The FCC’s action is all the more galling because Congress has been actively debating broadband legislation. Sen. John Thune, R-S.D., and Rep. Fred Upton, R-Mich., circulated a draft bill in January.

Of course, the FCC’s action was not a rare instance of unaccountable government. Today’s executive agencies make law as a matter of course, and generate a ton of it. At agencies’ current pace of about 4,000 regulations issued annually, a new federal rule is created roughly every two hours. Lay the 170,000 pages of the Code of Federal Regulations end to end and it would leave a trail of impenetrable text 29.5 miles long.

When one considers Congress enacts perhaps 50 meaningful statutes per year, it becomes plain that the first branch no longer is our nation’s primary lawmaking body. America has morphed into the expert-led state imagined by John Stuart Mill in his 1861 treatise Considerations on Representative Government. Civil servants devise policy and the legislature serves mostly as a pressure valve for the vox populi.
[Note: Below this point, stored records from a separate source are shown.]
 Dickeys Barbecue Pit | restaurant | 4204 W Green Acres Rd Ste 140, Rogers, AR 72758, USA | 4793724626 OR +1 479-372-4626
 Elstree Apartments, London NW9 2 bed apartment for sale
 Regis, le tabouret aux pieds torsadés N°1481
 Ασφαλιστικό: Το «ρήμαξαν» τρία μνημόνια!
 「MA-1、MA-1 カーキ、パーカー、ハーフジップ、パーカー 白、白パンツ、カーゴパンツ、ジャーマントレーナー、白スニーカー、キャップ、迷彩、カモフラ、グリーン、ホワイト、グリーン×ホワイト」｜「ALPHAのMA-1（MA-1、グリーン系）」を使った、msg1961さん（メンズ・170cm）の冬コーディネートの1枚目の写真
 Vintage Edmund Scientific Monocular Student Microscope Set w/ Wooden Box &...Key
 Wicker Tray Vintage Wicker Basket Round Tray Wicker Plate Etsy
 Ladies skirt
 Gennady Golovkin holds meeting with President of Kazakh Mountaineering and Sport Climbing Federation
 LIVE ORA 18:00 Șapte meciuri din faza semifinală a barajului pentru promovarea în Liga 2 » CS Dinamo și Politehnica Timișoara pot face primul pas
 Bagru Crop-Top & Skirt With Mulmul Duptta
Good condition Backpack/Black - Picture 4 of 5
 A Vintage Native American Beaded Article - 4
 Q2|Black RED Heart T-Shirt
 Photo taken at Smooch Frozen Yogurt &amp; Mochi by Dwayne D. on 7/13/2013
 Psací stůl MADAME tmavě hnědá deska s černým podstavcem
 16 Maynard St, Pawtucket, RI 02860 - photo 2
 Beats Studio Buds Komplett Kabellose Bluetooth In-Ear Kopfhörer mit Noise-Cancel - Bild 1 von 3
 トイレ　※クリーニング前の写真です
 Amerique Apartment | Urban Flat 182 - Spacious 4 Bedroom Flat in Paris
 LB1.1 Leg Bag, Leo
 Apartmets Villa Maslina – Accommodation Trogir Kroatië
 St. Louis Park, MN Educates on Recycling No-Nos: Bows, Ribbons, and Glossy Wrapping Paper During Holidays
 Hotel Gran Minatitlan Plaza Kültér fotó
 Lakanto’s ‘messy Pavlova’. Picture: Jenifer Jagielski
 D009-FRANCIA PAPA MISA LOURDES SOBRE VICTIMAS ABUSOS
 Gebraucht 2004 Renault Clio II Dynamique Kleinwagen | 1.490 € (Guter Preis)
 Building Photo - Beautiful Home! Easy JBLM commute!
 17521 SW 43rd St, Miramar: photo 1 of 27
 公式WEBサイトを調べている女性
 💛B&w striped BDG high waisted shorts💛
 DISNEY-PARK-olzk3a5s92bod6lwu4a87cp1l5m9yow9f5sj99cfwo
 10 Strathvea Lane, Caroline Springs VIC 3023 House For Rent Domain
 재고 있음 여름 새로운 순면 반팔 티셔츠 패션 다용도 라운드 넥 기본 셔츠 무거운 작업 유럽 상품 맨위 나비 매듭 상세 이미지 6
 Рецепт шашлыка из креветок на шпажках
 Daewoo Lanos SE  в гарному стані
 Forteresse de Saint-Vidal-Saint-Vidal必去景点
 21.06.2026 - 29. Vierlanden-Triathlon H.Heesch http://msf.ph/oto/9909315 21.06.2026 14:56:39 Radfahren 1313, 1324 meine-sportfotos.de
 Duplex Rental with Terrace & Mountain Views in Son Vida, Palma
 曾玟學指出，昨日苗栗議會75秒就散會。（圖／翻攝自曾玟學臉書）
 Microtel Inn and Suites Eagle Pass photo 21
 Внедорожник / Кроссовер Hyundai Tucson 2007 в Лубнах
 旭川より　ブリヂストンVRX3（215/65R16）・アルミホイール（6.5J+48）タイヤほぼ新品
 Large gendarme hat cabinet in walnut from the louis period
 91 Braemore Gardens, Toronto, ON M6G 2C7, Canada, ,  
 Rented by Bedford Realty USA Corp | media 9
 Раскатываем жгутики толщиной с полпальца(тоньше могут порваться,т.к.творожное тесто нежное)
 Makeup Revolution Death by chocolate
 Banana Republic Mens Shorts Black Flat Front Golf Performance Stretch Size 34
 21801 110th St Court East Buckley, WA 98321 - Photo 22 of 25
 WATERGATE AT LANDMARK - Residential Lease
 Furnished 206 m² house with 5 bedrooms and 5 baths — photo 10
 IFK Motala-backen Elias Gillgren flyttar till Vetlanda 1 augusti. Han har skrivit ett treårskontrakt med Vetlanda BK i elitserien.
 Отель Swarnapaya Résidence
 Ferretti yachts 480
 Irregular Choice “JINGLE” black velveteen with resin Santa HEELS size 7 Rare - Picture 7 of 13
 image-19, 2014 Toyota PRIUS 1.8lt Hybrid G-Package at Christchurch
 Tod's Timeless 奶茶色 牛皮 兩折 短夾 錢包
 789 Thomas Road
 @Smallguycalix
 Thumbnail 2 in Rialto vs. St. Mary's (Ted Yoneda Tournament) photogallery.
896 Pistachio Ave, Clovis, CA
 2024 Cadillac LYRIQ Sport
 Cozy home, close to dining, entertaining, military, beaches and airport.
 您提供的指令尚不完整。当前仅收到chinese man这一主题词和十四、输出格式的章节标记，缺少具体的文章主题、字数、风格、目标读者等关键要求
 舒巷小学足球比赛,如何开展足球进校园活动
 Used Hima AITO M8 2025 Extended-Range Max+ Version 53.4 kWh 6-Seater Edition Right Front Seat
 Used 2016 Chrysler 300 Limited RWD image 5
Instead of the function of governing, for which it is radically unfit, the proper office of a representative assembly is to watch and control the government; to throw the light of publicity on its acts; to compel a full exposition and justification of all of them which any one considers questionable; to [censure] them if found condemnable, and, if the men who compose the government abuse their trust, or fulfill it in a manner which conflicts with the deliberate sense of the nation, to expel them from office, and either expressly or virtually appoint their successors. This is surely ample power, and security enough for the liberty of the nation.

Mill’s conception is eerily prescient, but rather different from the government the American framers intended. In our constitutional system, agencies are created to execute the laws made by Congress. Toward this end, they are obliged to issue rules clarifying how a law should operate in practice. These rules should not expand the scope of the law as written or establish new powers beyond those explicated in the statute.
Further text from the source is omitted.